§ Your instructions: Nothing but the data, repeated exactly, belongs in the answer.

§ Record set:
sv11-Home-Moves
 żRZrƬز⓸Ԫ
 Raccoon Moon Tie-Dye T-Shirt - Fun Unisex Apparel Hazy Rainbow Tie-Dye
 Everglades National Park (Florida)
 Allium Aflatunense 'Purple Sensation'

§ Reply to the exercise:
sv11-Home-Moves
 żRZrƬز⓸Ԫ
 Raccoon Moon Tie-Dye T-Shirt - Fun Unisex Apparel Hazy Rainbow Tie-Dye
 Everglades National Park (Florida)
 Allium Aflatunense 'Purple Sensation'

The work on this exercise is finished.